TL;DR — Is VHYL a good ETF in 2026?

Yes, for euro-based investors who want a single, global, distributing high-dividend equity ETF at very low cost, VHYL is one of the most efficient instruments on the European market. It tracks the FTSE All-World High Dividend Yield Index, which screens roughly 1,800 stocks across developed and emerging markets for above-average forecast yield, weighted by market cap.

VHYL is a good choice if:

  • You want a single, globally diversified, dividend-focused ETF with TER 0.29%.
  • You're after distribution income — VHYL pays quarterly.
  • You can accept a value tilt (financials, energy, materials, real estate).
  • You want both developed and emerging market dividends in one ticker.
  • You're comfortable with FX exposure across USD, EUR, GBP, CAD, JPY and EM currencies.

What is VHYL?

VHYL is the Xetra ticker for the Vanguard FTSE All-World High Dividend Yield UCITS ETF (Distributing), issued by Vanguard Group (Ireland) Limited.

Fund facts:

Attribute Value
ISIN IE00B8GKDB10
Issuer Vanguard (Ireland)
Index tracked FTSE All-World High Dividend Yield Index
Holdings count ~1,800 stocks
AUM ~EUR 4.6 billion (early 2026)
TER 0.29% per year
Domicile Ireland
Distribution policy Distributing — quarterly
Replication method Physical, optimised sampling
Inception date May 2013
Trading currency on Xetra EUR
Fund base currency USD

The index screens FTSE All-World constituents for above-median forecast 12-month dividend yield, excluding REITs. The result is a portfolio dominated by financials (~25%), industrials, consumer goods, healthcare, energy and utilities, with the US still ~45-50% but substantially less concentrated than market-cap-weighted alternatives. Top holdings rotate frequently as the yield ranking shifts.

5-year performance

Historical data through early 2026 shows the following approximate metrics:

Metric 5-year value
Annualised total return (EUR) ~+9.8%
Cumulative return (EUR) ~+59%
Max drawdown (2022) ~-16%
Sharpe ratio ~0.66
Dividend yield (trailing 12m) ~3.4%
Tracking error ~0.10%
Beta vs FTSE All-World ~0.90

VHYL has historically lagged a market-cap All-World during tech-led growth phases but outperformed during 2022's value rotation.
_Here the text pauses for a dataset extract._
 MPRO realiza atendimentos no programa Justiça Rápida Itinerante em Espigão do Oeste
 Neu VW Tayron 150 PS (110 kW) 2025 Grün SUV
The trailing yield of ~3.4% in early 2026 is roughly 1.7 percentage points higher than the broader FTSE All-World, the gap is the entire reason to hold the fund.

Total cost of ownership

For a EUR 1,000 monthly DCA investor:

Cost component Annual EUR (on EUR 12,000 contributed)
TER 0.29% ~EUR 35 (on portfolio, growing)
Bid-ask spread on Xetra (~0.06%) ~EUR 7.20
FX margin (EUR account, EUR trade) EUR 0
Broker commission (TR/Scalable savings plan) EUR 0
Broker commission (Polish IKE via Bossa) ~EUR 12-24 per year
Withholding on underlying dividends varies by source country, deducted at fund level

Since VHYL is distributing, your taxable event happens four times a year on the cash received. For accumulation-phase investors, this creates more annual tax friction than equivalent accumulating funds, though many investors consider the cash-flow discipline worth it.

Tax treatment per EU country

Historical data shows the following typical framework:

  • Germany: Equity ETF (>50% stocks) → 30% Teilfreistellung. 25% Abgeltungssteuer + Soli on the remaining 70%. Distributions taxed in year of payment.
  • France: Not PEA-eligible (Irish-domiciled, non-EU equity heavy). In CTO: flat 30% PFU on dividends and gains.
  • Italy: 26% on dividends and 26% capital gain at disposal.
  • Spain: 19-28% progressive on dividends and disposal gains.
  • Netherlands: Box 3 wealth tax on year-end balance.
  • Poland: 19% Belka on dividends and disposal. Foreign-source dividends require declaration in PIT-38 with potential foreign tax credit.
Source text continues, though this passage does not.